Yes, again. In yet another essay on the decline of the humanities, or the crisis in the humanities, or whatever, Verlyn Klinkenborg writes,
In other words, there is a new and narrowing vocational emphasis in the way students and their parents think about what to study in college. As the American Academy report notes, this is the consequence of a number of things, including an overall decline in the experience of literacy, the kind of thing you absorbed, for instance, if your parents read aloud to you as a child. The result is that the number of students graduating in the humanities has fallen sharply. At Pomona College (my alma mater) this spring, 16 students graduated with an English major out of a student body of 1,560, a terribly small number.
In 1991, 165 students graduated from Yale with a B.A. in English literature. By 2012, that number was 62. In 1991, the top two majors at Yale were history and English. In 2013, they were economics and political science. At Pomona this year, they were economics and mathematics.
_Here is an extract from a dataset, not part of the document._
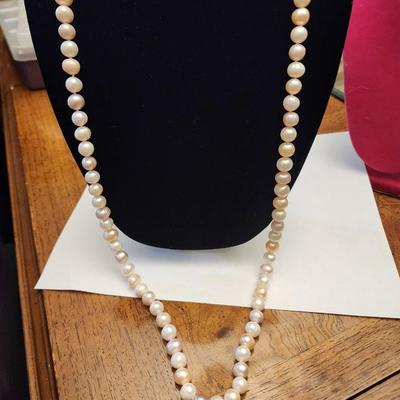 Multi colored cultured pearl necklace
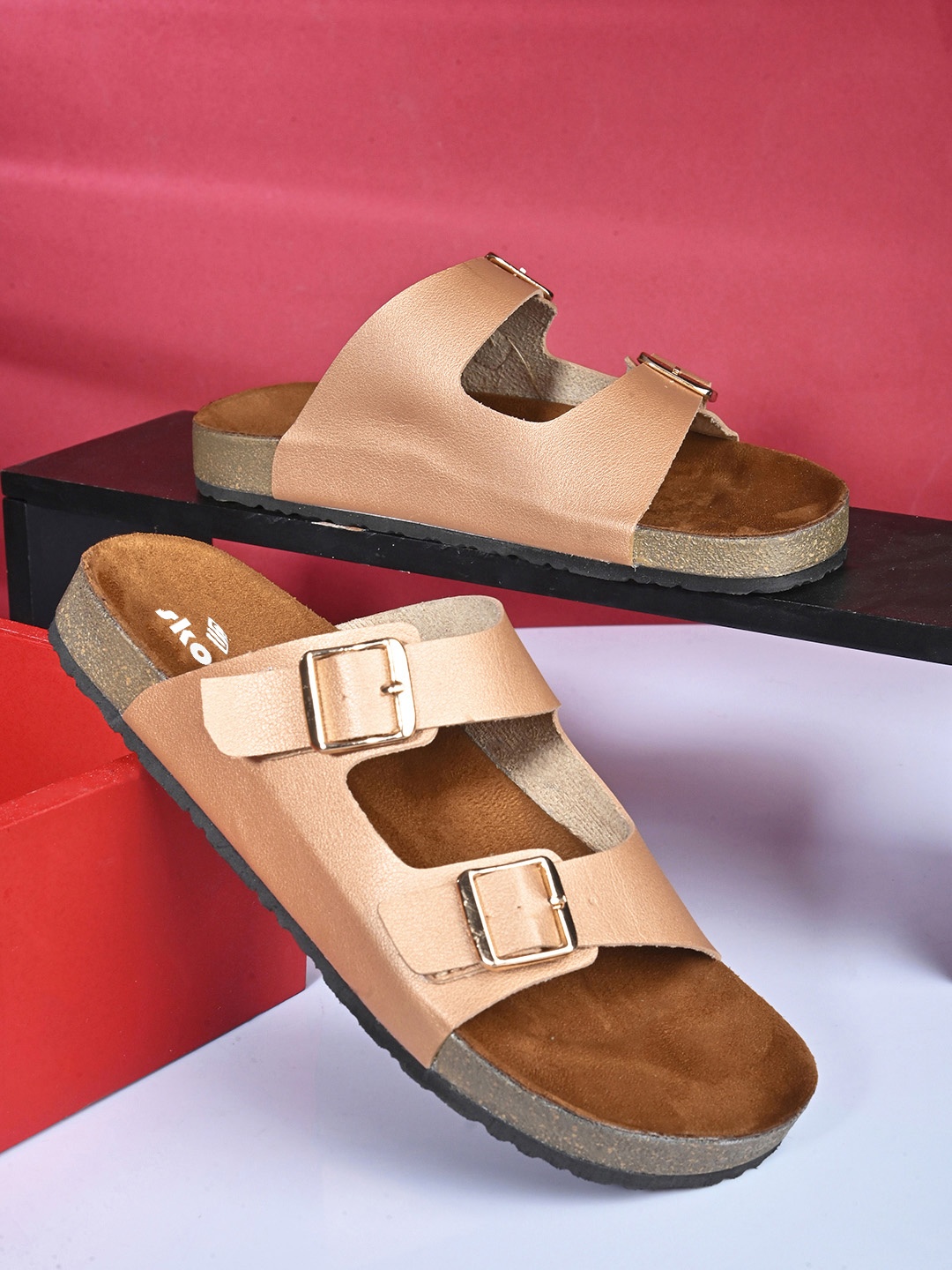 

SKORA Open Toe Flats with Buckles, Pink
But do we know whether the cases of Yale and Pomona are representative? At Wheaton College, where I taught for around three decades, there are around 200 English majors in a student body of 2300. I doubt that that’s representative either, but it indicates that all the arrows don’t point in the same direction.
Consider this report from the National Center for Education Statistics — thanks to Gerry Canavan on Twitter for pointing this out to me — which shows that in 1970-71 the percentage of college degrees granted in the humanities was 17.1%, whereas in 2009-10 it was … 17.0%. Not exactly a crash. The low point in humanities degrees was actually in the mid-1970s, as Ben Schmidt points out here in a post that demonstrates just how hard it is to find and interpret the numbers relevant to these questions.
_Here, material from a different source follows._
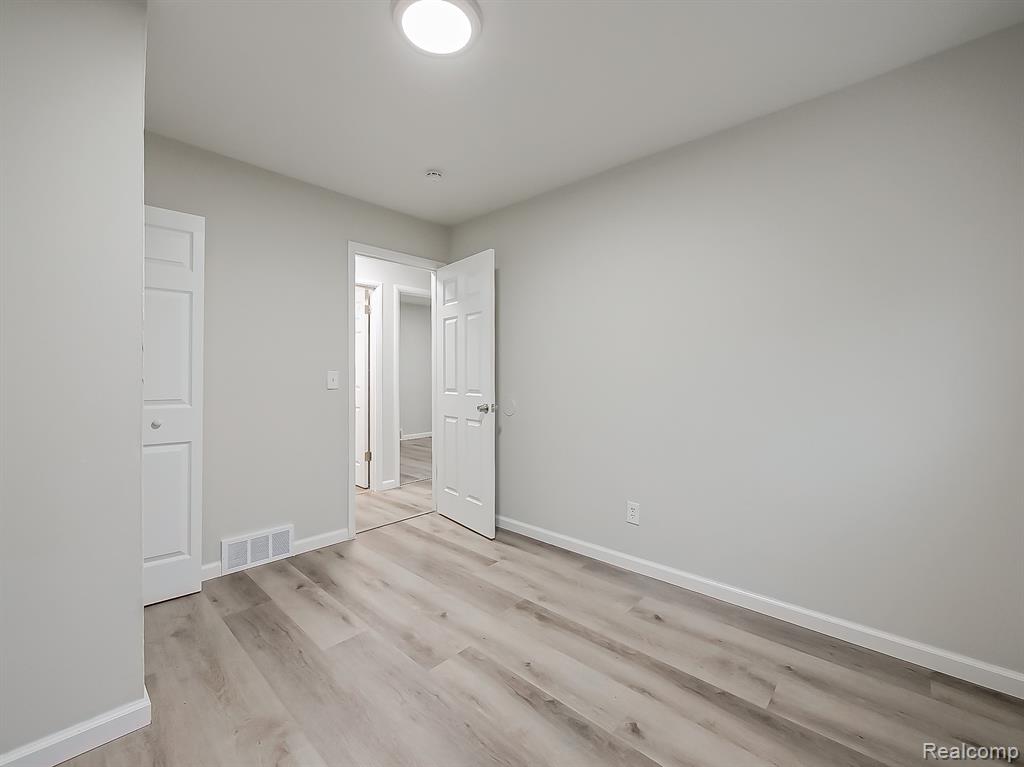536 Emerson Avenue, Pontiac, MI 48342 — Photo 16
The frustrating things to me about these debates is that, however you slice them, the numbers offer so little meaningful information. If we know that someone received a degree in the humanities, that doesn’t tell us which of the humanities disciplines he or she majored in. If we know the numbers for specific disciplines, we don’t know the content of students’ education: what books they read, how those books were taught, how the students engaged with those books through writing, and so on. More important still, the numbers about who majored in what tell us nothing about which young people have lives informed by the values we humanists hold most dear. I have known economics majors who read literature in lively and passionate ways, and have known English majors whose encounters with even the greatest of texts seem dry and mechanical.
Building a culture that fosters and rewards deep, lifelong attentiveness to books worth reading — that’s what counts for far more than percentages of college degrees. And that’s where humanists should focus the lion’s share of their own attention.